• **EXERCISE INSTRUCTIONS**: Nothing but the lines from the one including "Embroidered skeleton patch" through the last line of the entries, restated exactly, should appear in the answer; omit the pictures.
┌────────
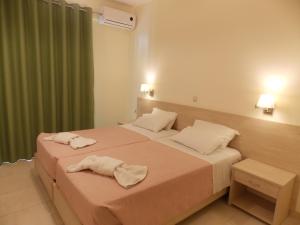 Postel nebo postele na pokoji v ubytování Alkyon Beach Hotel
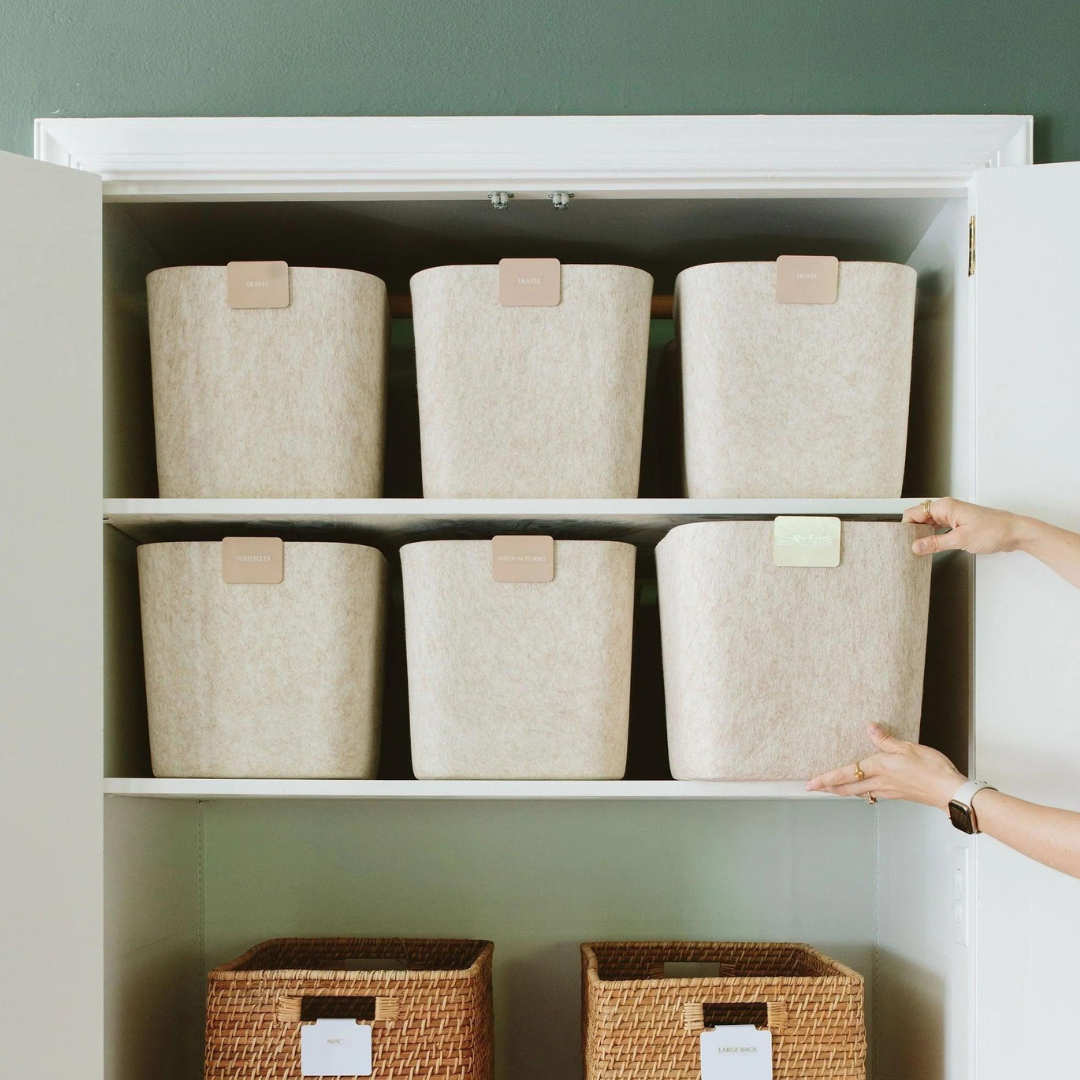 Professional organizer arranging labeled beige SortJoy felt bins in a clean, modern white closet.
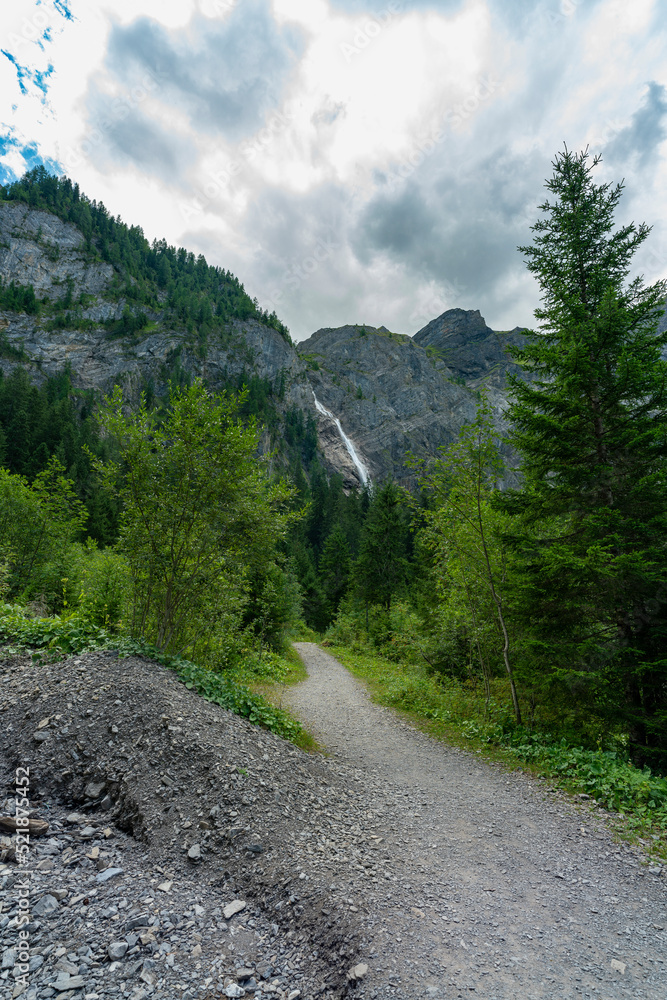 Fototapeta premium Wasserfall im Tal von Adelboden, weithin sichtbar über den Bäumen. Engstligenfälle am Talende. immer weniger Wasser kommt vom Gletscher auf der Engstligenalp den Wasserfall herunter
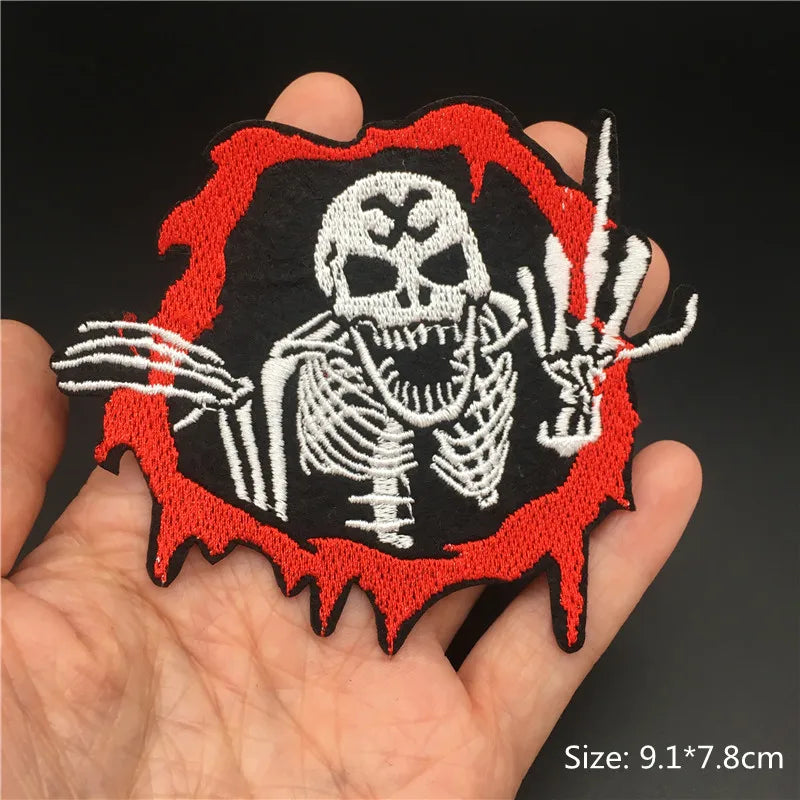 Embroidered skeleton patch with red border held in hand against a dark background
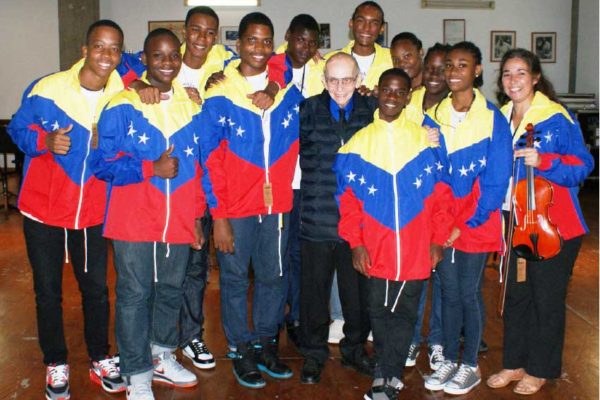 Image: Young Saint Lucian performers with the Venezuelan master musician Jose Antonio Abreu, during one of several encounters.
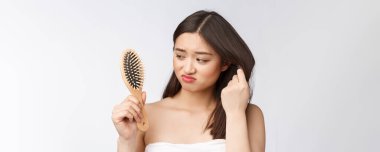 Üzüntülü genç Asyalı kadın, beyaz izole arka planda ellerinde saçı olan kuru saçlı..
└────────
• **ANSWER SPACE**:
 Embroidered skeleton patch with red border held in hand against a dark background
 Image: Young Saint Lucian performers with the Venezuelan master musician Jose Antonio Abreu, during one of several encounters.
 Üzüntülü genç Asyalı kadın, beyaz izole arka planda ellerinde saçı olan kuru saçlı..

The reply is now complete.